Secondly, amplifying on several of the points touched on above, at another level Jackson's book does a marvelous job of providing the reader with a sense of the ambiguity surrounding the conflicted national loyalties and interests rampant on the American frontier at this time. This is combined with what today would pass for incredible conflicts of interest, due to an overlapping of the public and private spheres. Thereby one acquires a new appreciation for the context in which the intrigues of Vice President Aaron Burr and General James Wilkinson occurred. Likewise, for Jackson's treatment of the ever shifting Indian alliances, and his highlighting of the magnitude of the role played by the French-Canadians of Missouri in the opening of the American West.

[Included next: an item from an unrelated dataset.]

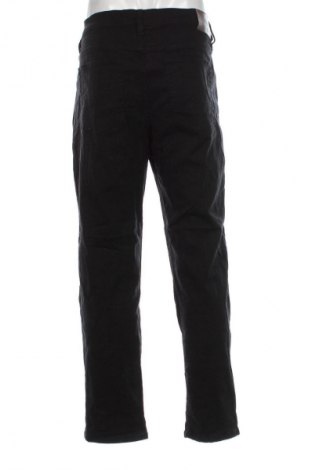 Herren Jeans Man's World, Größe L, Farbe Schwarz, Preis € 15,49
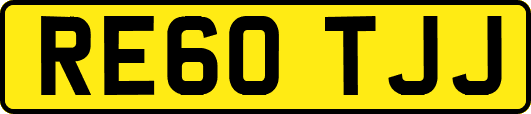 RE60TJJ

Then finally, among this latter group, there is one of the cast of characters that had accompanied Lewis & Clark only as far as the Mandan villages. As the Expedition was returning the following year, this individual opted to join up with Captain McClallen's venture to go back in. Like virtually all of McClallen's men in this American expedition, he spoke French, not English or Spanish. And of course he had never been to France. He was actually born in Quebec, Canada, his name being Francois Rivet. When Francois passed away 46 years later in 1852 in Oregon's French Prairie settlement in the Willamette Valley, he and his Indian wife Therese Tete Platte (Flathead) left behind a legacy of dozens of mixed-blood French and Salish speaking metis children, grandchildren, and great grandchildren. In the course of the 1850s, as a new order established itself in the low country, most of the Rivet descendants gradually headed back upriver to find refuge among their mother's people in the Flathead country of what is now western Montana. As one among a hundred or so similar metis settler families in the region south of the 49th parallel, the thousands of descendants of the Rivet clan alone constitute one of the largest and oldest families currently inhabiting the repopulated Pacific Northwest.
In conclusion, to any prospective reader of By Honor and Right, I would offer one warning. If you prefer to read conventional versions of history that `keep it real simple,' and don't challenge us a bit, then I would recommend against tackling this book.